When at last they were digging into generous portions of Dino’s homemade potato gnocchi for her and spaghetti with meatballs for him, she said, “What’s this all about, Michael?”
“Mack the Knife.” This was Michael’s code name for Bill Jenko, the graduate coordinator in English. She laughed and decided to play along. “Could it be our boy’s done something rash?”
His face grew serious. “He’s been making the rounds of my faculty members, talking up a merger between Classics and English. He wanted us to give our support in principle, with the details to be worked out later this year, after he gets you on board.”
She suppressed her irritation at Jenko’s tactics. Naturally he wouldn’t come to her first. He would try to present her with a fait accompli. “But where’s the percentage for him? I don’t get it,” she said.
“Someone in your department —a Gerhard Dahl— was at Penn with Juniper Jamieson’s partner Jillian. They’re still friends, and he told her that the Rhetoric program wants a reconfiguration. They would become the Graduate School of Literacy and Rhetoric, and the rest of us would be the Department of English and Classical Literatures. The M.A. and Ph.D. in English Literature would be abolished, of course, and all the graduate assistantships transferred to Rhetoric.”
Lynn nodded. The plan might well appeal to the Dean, as “streamlining” proposals always did. There would be one less department, and one less Chair to collect an administrative salary. A couple of secretaries could be let go, saving even more money. Nobody would have to move offices, because they were already sharing the same building. She explained to Michael that the graduate Ph.D. program review in English, currently in progress, was the perfect opportunity to carry out the plan. If Literature was made to look awful, whereas Rhetoric emerged smelling like a rose… The pieces were all coming together now.

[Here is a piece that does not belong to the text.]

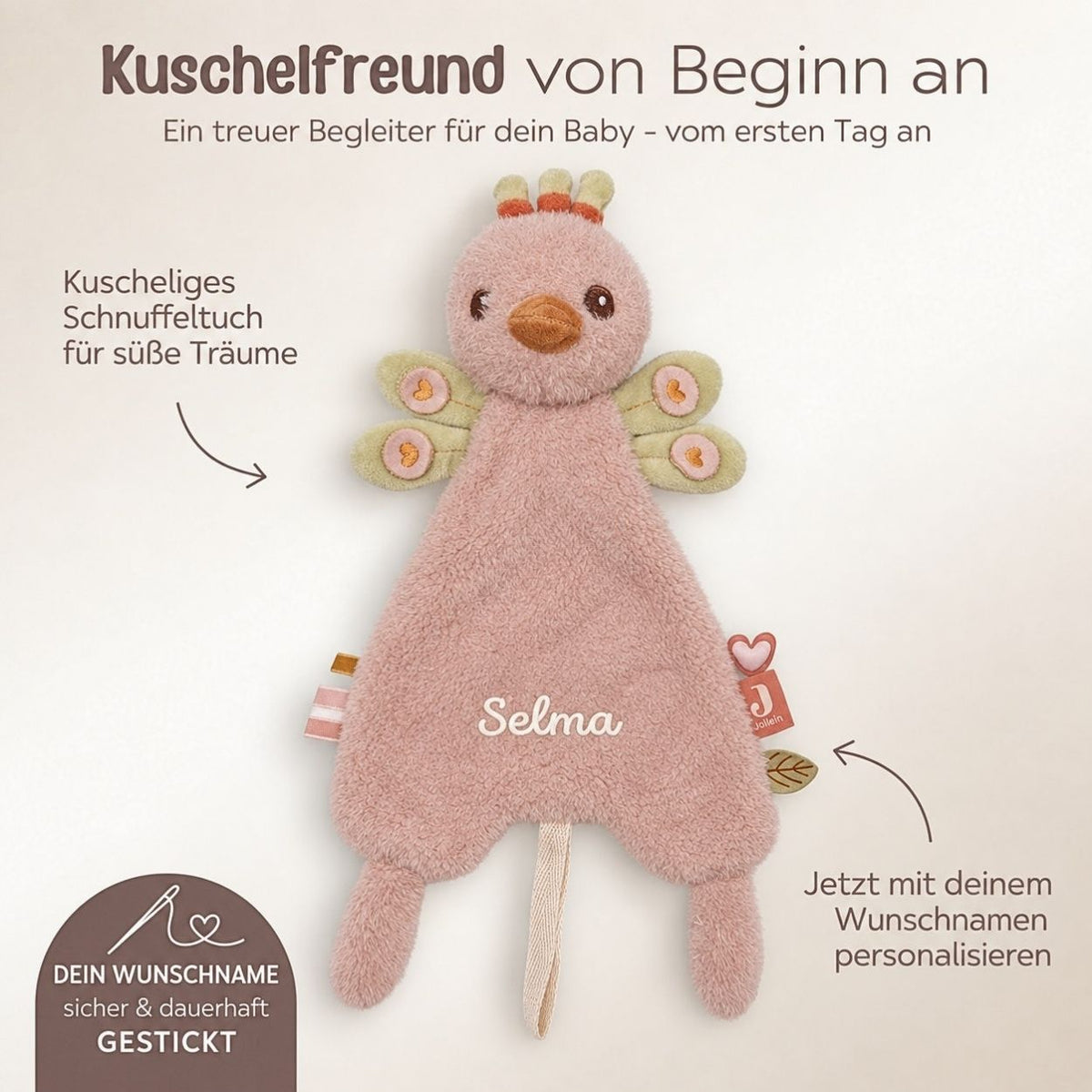 JOLLEIN Schmusetuch personalisiert - Schaf oder Strauß - wunderwunsch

“And the plan to give Literature a black eye?” she asked. “I assume that Mack’s sharpening up his knife for someone and loading up on bags of cement. Who is it? Me?”
“No,” said Michael. “It’s Jonny Sebelius.”

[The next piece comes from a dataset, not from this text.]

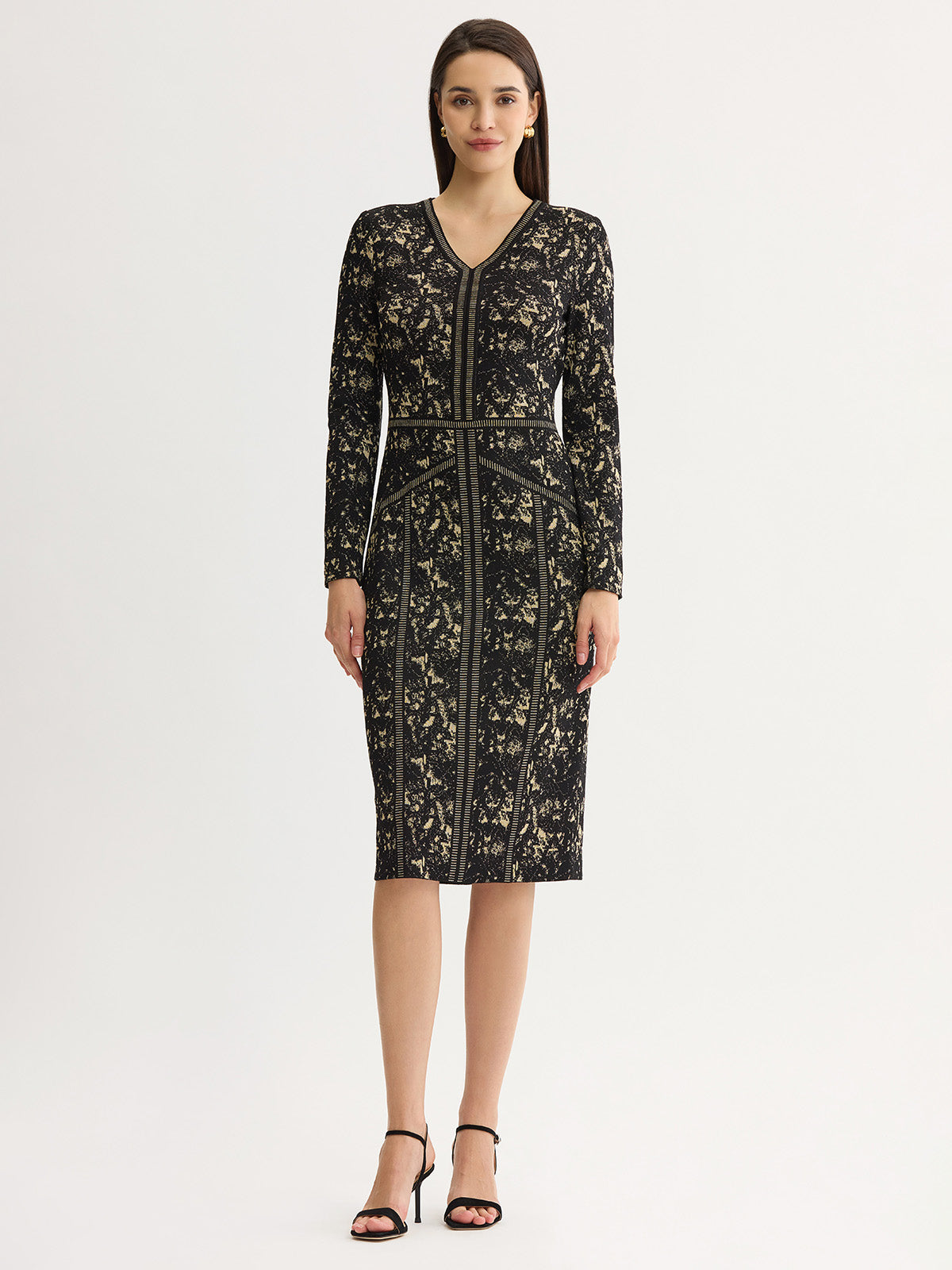 Lurex Abstract Soft Knit Sheath Dress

Of course. She mentally chided herself for not putting it together sooner. “Jennet Thorne came to see me the other day. She worked with Sebelius on this year’s tenure files, and said she wanted me to know that Jenko was fishing around, hoping to get her to file a gender discrimination claim against Jonny.”
“Makes perfect sense. He was going to pit the feminist against the misogynist. Michael laughed ruefully. “In fact, it’s brilliant. You’ve got to hand it to him.”
“I’d like to hand him his balls on a plate,” said Lynn fiercely, and then noticing Michael’s platter of spaghetti with meatballs, she added, “Sorry. I didn’t mean to say that aloud.”
Michael waved off the apology. “I’m not crazy about the little shit either, and now he’s stepped on my toes too. You’d better talk to Sebelius and tell him to be careful.”
She nodded. “And here’s what I think we should do about the Ph.D. review…”
Copyright 2016 by Linnet Moss
Notes: This chapter features characters from my other stories, especially New York Groove (where Michael Templeton is a minor character) and The Voynich Affair, which tells the story of Lynn Melton and her adventure with a Disreputable Librarian. Even Dino’s, the small Italian restaurant in Rimini, makes an appearance in Apollo’s Fire, a story which I’ll be serializing when the saga of Jonathan and Jennet is complete.
Yay. And damn, I remember these politics too well from my own time in college. And I was just a student… Cheer up Jonny, people have your back!
It’s really sad when students are exposed to the politics. Unfortunately some profs are not professional enough to shield students from that aspect of departmental life…
I used to call the department I was studying at “the kindergarten”…
LOL. About right…
I am glad that Sebelius has backup. The illustration is marvellous, I am coveting that green cloak.
Yes, I was charmed by the illustration! Lynn and Michael to the rescue 🙂
love the drawing, i wanna be her! 🙂 and yay, it will do him good to learn he is not alone against the world, though he may not know what to do with that feeling.
Departmental politics, gah… I couldn’t stand the backstabbing. And yes we knew a lot about it as students too, people talk, word gets around and students are celever enough to notice machinations 😉
Yes, it’s one thing if students figure out that something is going on. What I object to is those situations where students are used as pawns. Especially with grad students, their whole careers can be sidetracked. I was lucky not to experience that, but I know some who did.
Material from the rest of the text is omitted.